Your reply must hold the lines from the one containing "Vereadores Amarildo e" to the end of the entries, copied exactly, with pictures excluded.

.....

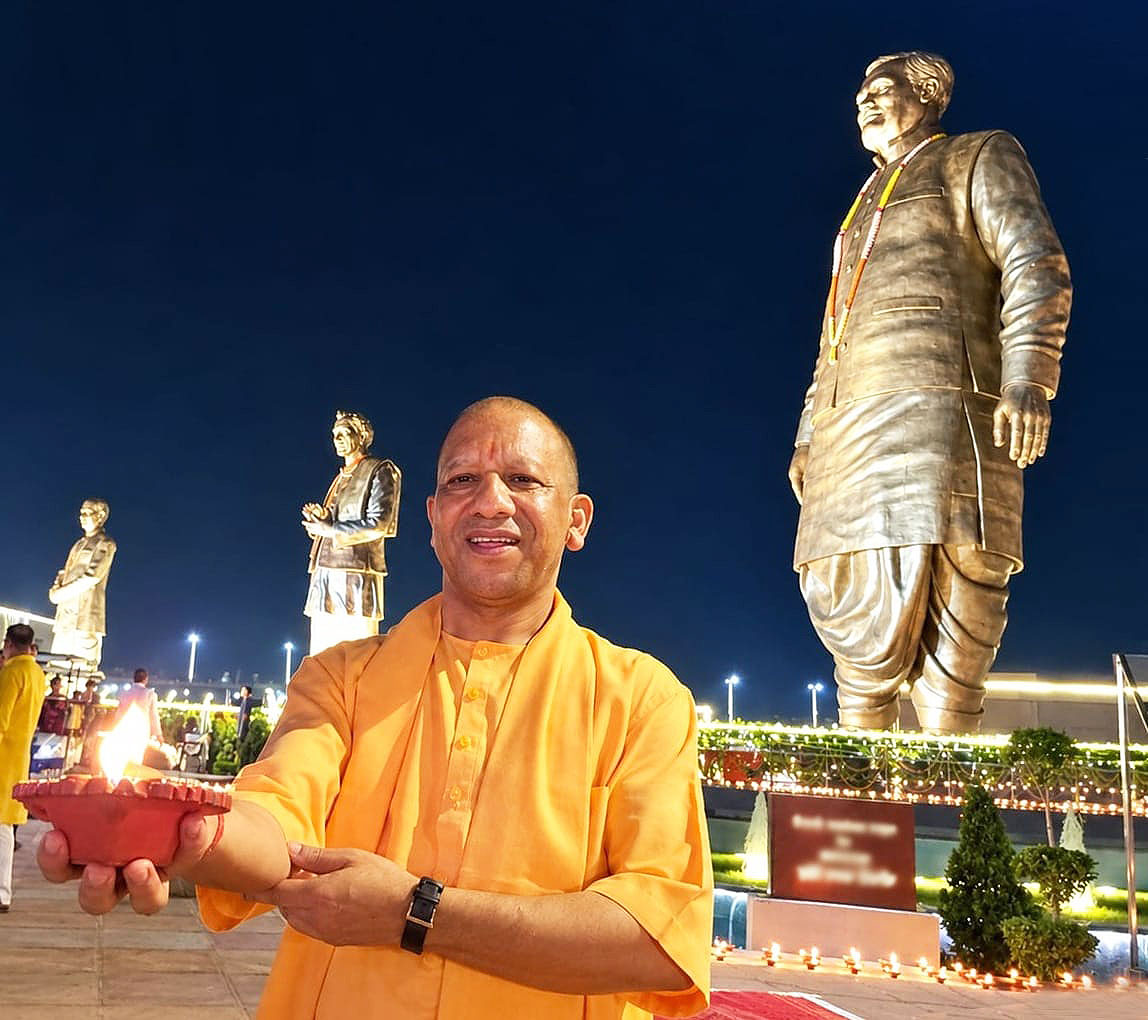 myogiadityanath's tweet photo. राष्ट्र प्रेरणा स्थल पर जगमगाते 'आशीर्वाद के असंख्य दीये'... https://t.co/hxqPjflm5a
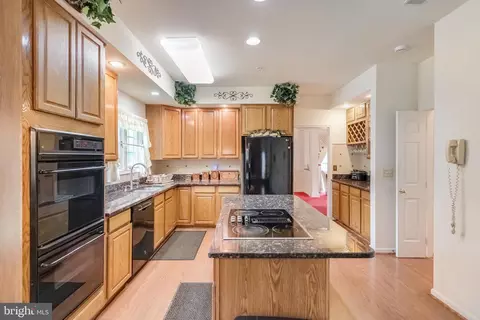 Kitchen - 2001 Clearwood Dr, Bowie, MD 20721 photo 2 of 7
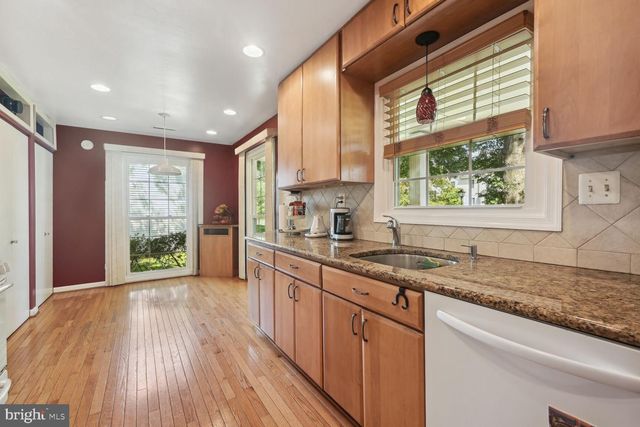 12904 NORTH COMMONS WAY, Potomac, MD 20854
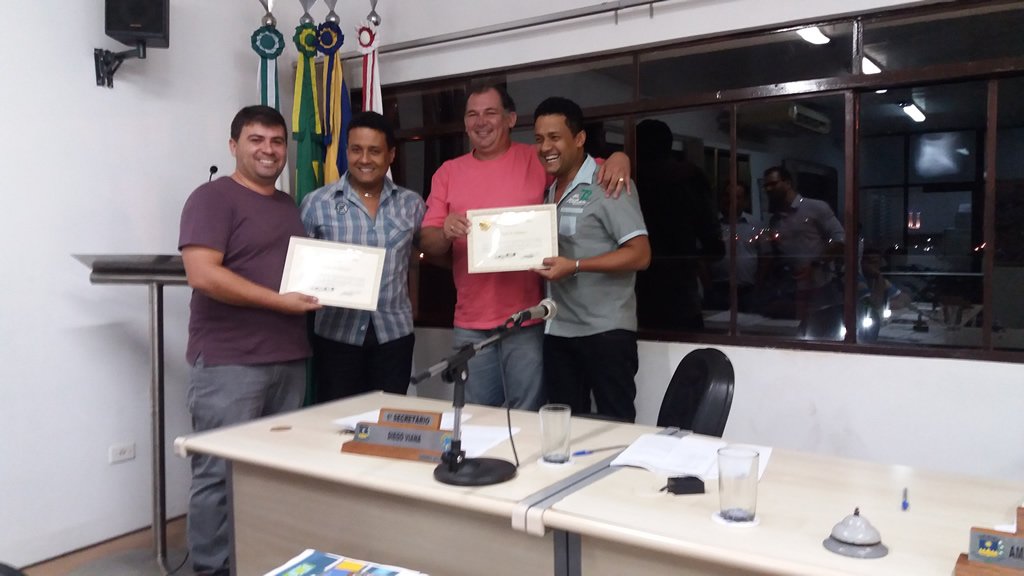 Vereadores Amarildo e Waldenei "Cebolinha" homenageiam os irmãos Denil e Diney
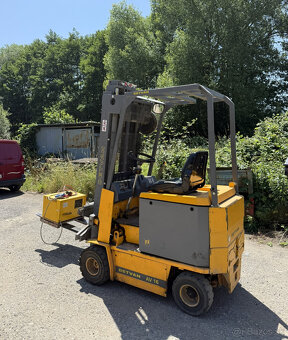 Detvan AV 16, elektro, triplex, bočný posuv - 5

.....

[ANSWER SECTION]:
 Vereadores Amarildo e Waldenei "Cebolinha" homenageiam os irmãos Denil e Diney
 Detvan AV 16, elektro, triplex, bočný posuv - 5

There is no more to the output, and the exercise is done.